If the sample database had been more inclusive there would have been many more false positives. For example, the trnL-UAA sequence perfectly matching AP007232.1 Lactuca sativa is also a perfect match for MK064549.1 Luisia teres. Similarly, the Mini-rbcL sequence perfectly matching AP012989.1 Brassica nigra and MG872827.1 Brassica juncea also matches MN056359.2 Raphanus sativus (and more). This demonstrates the difficulties in curating an appropriate marker database - and the content should depend in part on your target samples.
Currently the provided references sequences (and thus classification databases used) lack any markers for Beta vulgaris, Parapenaeopsis sp., Triticum aestivum or Zea mays. Most of these were present at only a few percent dry weight, and are likely present below the default minimum abundance threshold. This explains the false negatives.
Conclusion
It appears that the THAPBI PICT default minimum abundance threshold of 100 reads is too stringent for detecting all the markers in a complex pool like this. Including negative sequencing controls would help set an objective lower bound.

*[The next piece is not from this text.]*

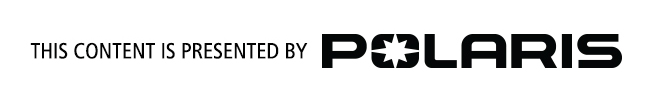 Text in image - This content is presented by Polaris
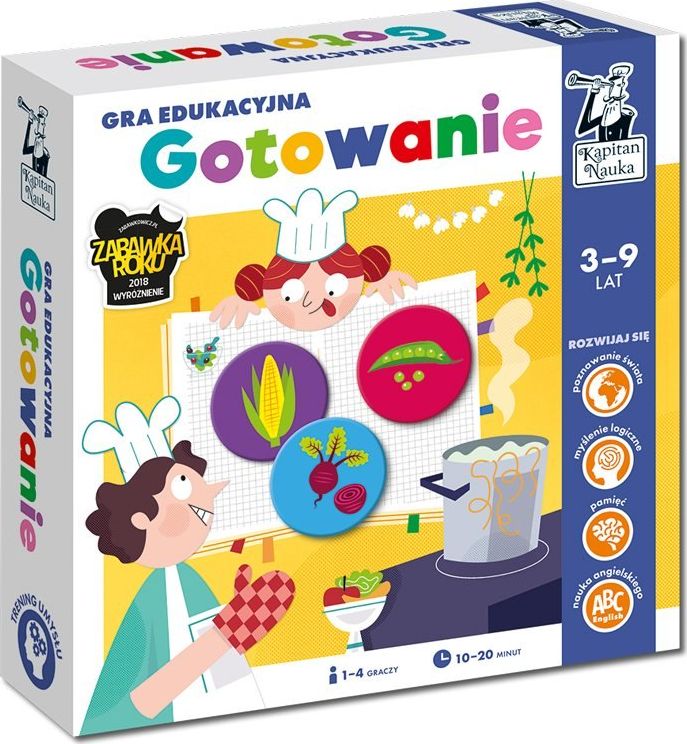 Edgard Kapitan Nauka Gra Edukacyjna Gotowanie GR0469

There also appear to be marker sequences in these control samples which have not yet been published, which would help by filling in gaps in the reference set used for classification.
Also note we did not look at the multi-primer COI long marker, and perhaps the
default onebp
classifier is not appropriate for the Mini-rbcL marker.